Kern der reformatorischen Entdeckung, die wir in diesem Jahr gefeiert haben, ist ja die Unterscheidung zwischen meiner eigenen, kleinlichen Gerechtigkeit und der unendlich austeilenden, schöpferischen Gerechtigkeit Gottes. Gott wird mich am Ende, im Gericht, nicht messen, wiegen, prüfen. Wohl wird er mir vor Augen führen, wo ich Menschen verletzt und enttäuscht habe, das wird nicht harmlos sein. Da werden meine Schuldscheine gezählt. Überwältigen wird Gott mich aber nicht als der strafende Richter, sondern mit seiner Liebe.

Wenn es drauf ankommt, zählt Gottes Wille, dass er mein Gott sein will, dass er Beziehung sucht und hält, dass er mich nicht umkommen lässt, wie verdient das auch immer sein mag.

„Gericht“ kommt ursprünglich nicht von „Hinrichten“, sondern von „Richten“ im Sinne vom Gerade-Machen. Gott macht es am Ende gerade und gut.

Dass Gott richtet und nicht hinrichtet, ist der Trost des Volkstrauertags. Wenn wir bei Trost bleiben wollen, dann suchen wir nicht Rechtfertigung in Aufrechnen und Rechthaberei. Dann lassen wir uns den Trost des Evangeliums gesagt sein. Niemand könnte sich selbst Besseres tun, als Gott ihm schon längst Gutes getan hat.

Gott liebt, auch die Schuldigen. Dass seine Liebe nicht aufrechnet, das macht sie besonders. Mit dem Braven gut sein, das kann jeder kleinliche Despot. Gott liebt­ und macht damit liebenswert.

Sich das gesagt sein zu lassen, das macht nicht träge. Das motiviert, in der Welt Verantwortung zu übernehmen. Wenn ich mit Gottes Gerechtigkeit beschenkt bin, dann werde ich Gerechtigkeit weiterschenken. Dann werde ich in meinem kleinen Bereich versuchen, so gütig zu sein, so lebensspendend, wie Gott es im Großen ist.
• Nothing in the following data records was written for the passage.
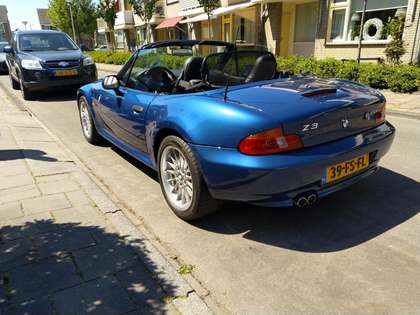 BMW Z3 2.0i S Widebody 6 cyl. topas blue 98000km like new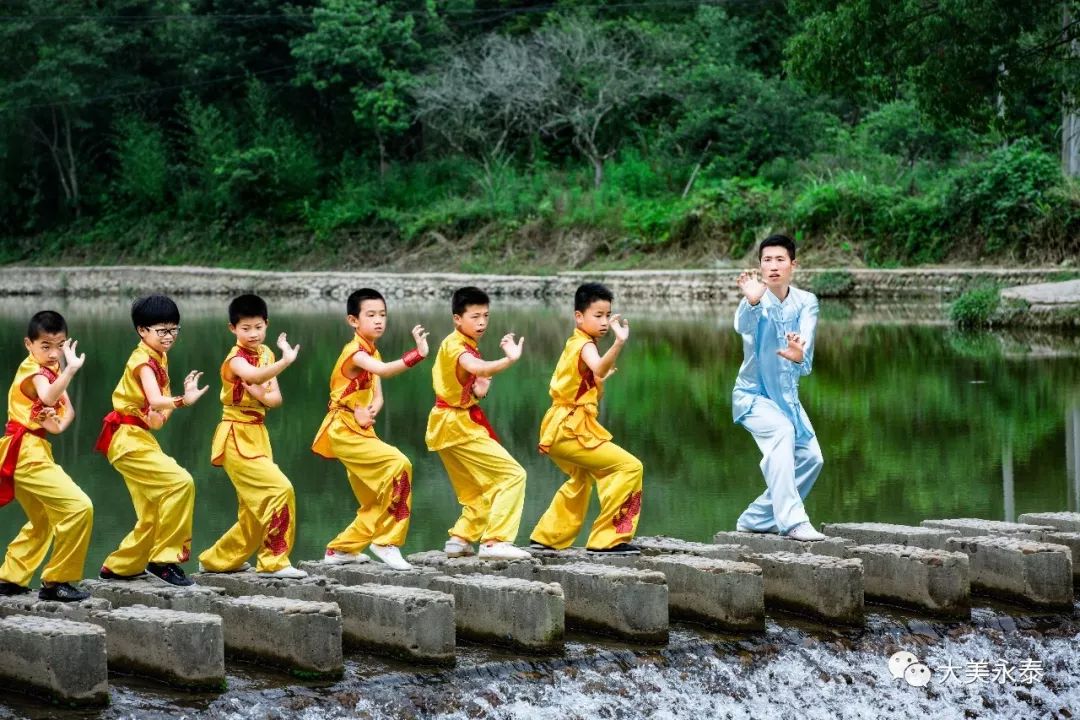 厉害永泰武术传播世界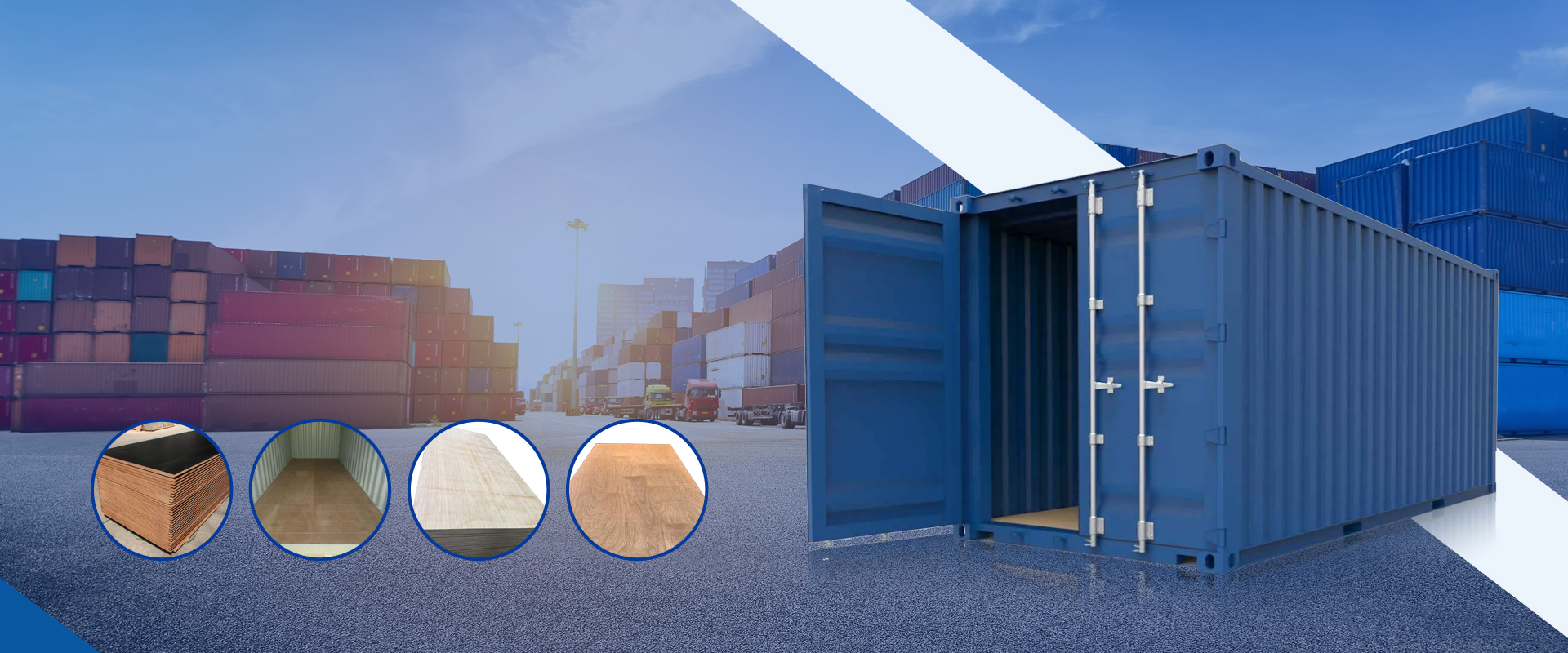 Container Flooring Plywood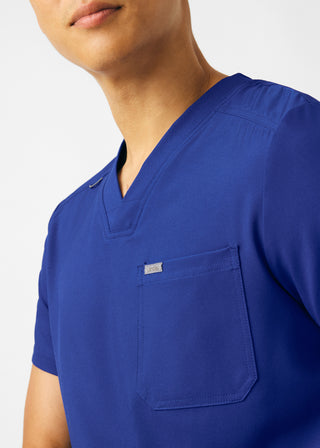 Galaxy Forward 4-Pocket V-Neck Top Scrubs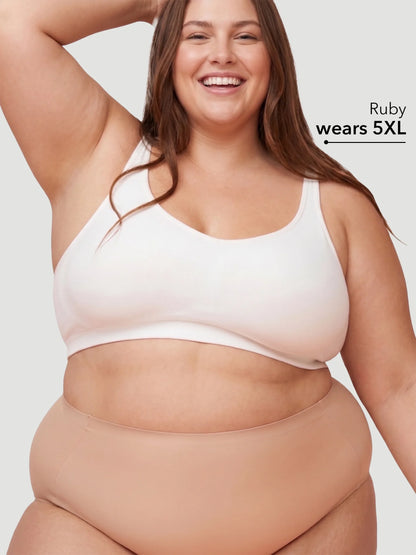 Wire Free Shaper Bra (Cups A-FF) + FREE Bra Extender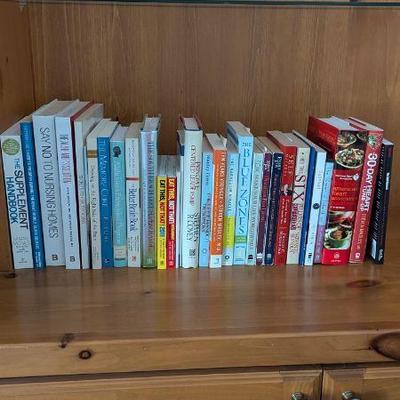 Lot #161 - Health, Wellness & Self-Help Books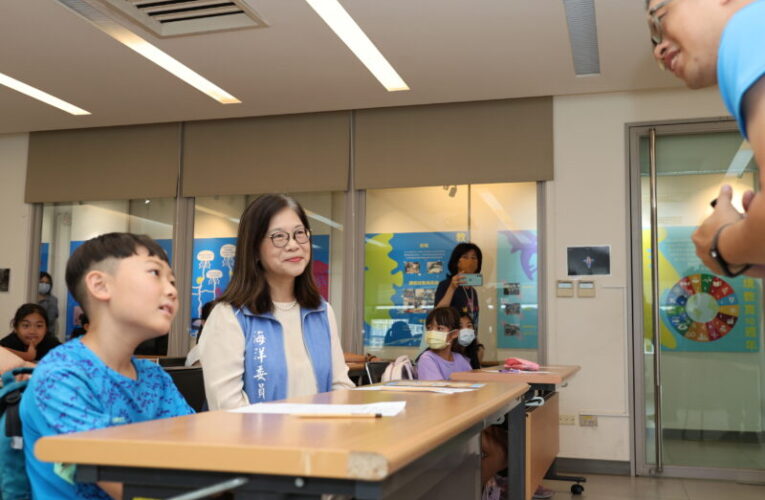 海委會OSS海洋教育啟航！五大場館任務挑戰激發孩童探索熱情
Ich denke an den Feldwebel der Wehrmacht Anton Schmid. Er rettete 300 Juden aus dem Getto von Wilna. Ohne Befehl, seinem Gewissen treu. Er trug wesentlich bei zum Entstehen einer jüdischen Widerstandsbewegung in Litauen und Weißrussland. Er, der Feldwebel der Wehrmacht. Dafür verurteilte ihn ein Militärgericht zum Tode. Heute haben wir gelernt, nehmen ihn zum Beispiel. Die Bundeswehr-Kaserne in Blankenburg im Harz trägt seinen Namen. Auf diesen Kameraden können deutsche Soldaten stolz sein. Er folgte seinem Gewissen, wo selbst hohe Offiziere sehenden Auges ins Verderben mitliefen.

Eine Nation, die Gottes Güte kennt, akzeptiert die Grautöne der eigenen Geschichte. Keine Schuld katapultiert aus der Geschichte heraus. Und kein Heraushalten erspart, künftig mitschuldig zu werden.

Dass alles an Gottes Güte hängt, gibt uns das menschliche Maß. Und es gibt es uns den Auftrag, uns nicht aus der Geschichte davon zu stehlen.

Du bist nie zu schlecht, um mit gerade Deinen Begabungen in der Welt etwas beizutragen und auszurichten.

Und Du bist nie zu gut, um Dir nicht im Einsatz für eine relativ bessere Welt die Hände schmutzig zu machen. Ja, genau diese Welt, so wenig sie sich wohlfeilen Heile-Welt­ Träumen einfügt, sie lohnt den Einsatz.

Soldaten, das beeindruckt mich als Militärbischof immer wieder,  sind die Menschen, die da sind und Verantwortung übernehmen, wenn die Politik anders nicht mehr weiter weiß. Unsere Soldaten treten auf Beschluss unseres demokratischen Parlaments in vielen Ländern der Erde für Gerechtigkeit, Menschlichkeit, Menschenrechte ein. Das unterläuft die sündenstolze Ohne-mich-Haltung.

Dass Soldaten im Namen unserer Nation handeln, das zeigt: Wir nehmen Teil an der Geschichte, mit aller Vorsicht, unter jeder denkbaren Rechenschaft. Aber wir halten uns nicht heraus, wo es gilt, Fehlentwicklungen zu entgegnen.